# Logistic regression with two explanatory variables

Logistic regression also supports multiple explanatory variables. To include multiple explanatory variables in logistic regression models, the syntax is the same as for linear regressions.

Here you'll fit a model of churn status with both of the explanatory variables from the dataset: the length of customer relationship and the recency of purchase, and their interaction.

`churn` is available.

In [None]:
# # Import logit
# from statsmodels.formula.api import logit

# # Fit a logistic regression of churn status vs. length of relationship, recency, and an interaction
# mdl_churn_vs_both_inter = logit("has_churned ~ time_since_first_purchase + time_since_last_purchase + time_since_first_purchase : time_since_last_purchase", data = churn).fit()

# # Print the coefficients
# print(mdl_churn_vs_both_inter.params)

# Logistic regression prediction

As with linear regression, the joy of logistic regression is that you can make predictions.
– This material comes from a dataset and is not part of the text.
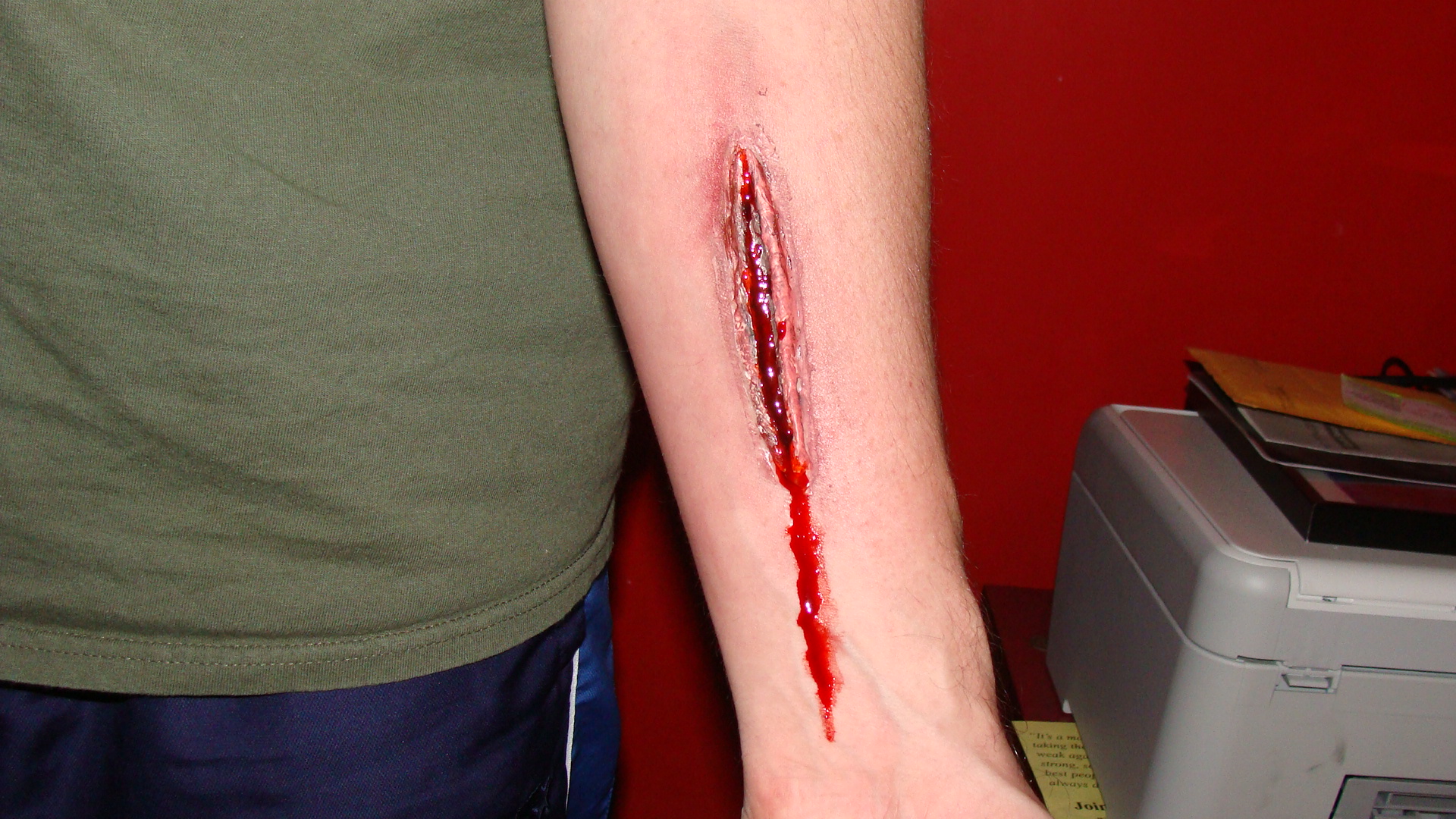 Arm Wounds
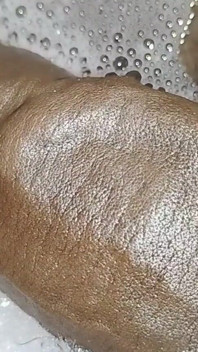 Thick Veins on Cms BBC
Let's step through the prediction flow one more time!

`churn` and `mdl_churn_vs_both_inter` are available; `itertools.product` is loaded.

In [1]:
# # Create time_since_first_purchase
# time_since_first_purchase = np.arange(-2, 4.1, 0.1)

# # Create time_since_last_purchase
# time_since_last_purchase = np.arange(-1, 6.1, 0.1)

# # Create p as all combinations of values of time_since_first_purchase and time_since_last_purchase
# p = product(time_since_first_purchase, time_since_last_purchase)

# # Transform p to a DataFrame and name the columns
# explanatory_data = pd.DataFrame(p, columns=["time_since_first_purchase",
#                                             "time_since_last_purchase"])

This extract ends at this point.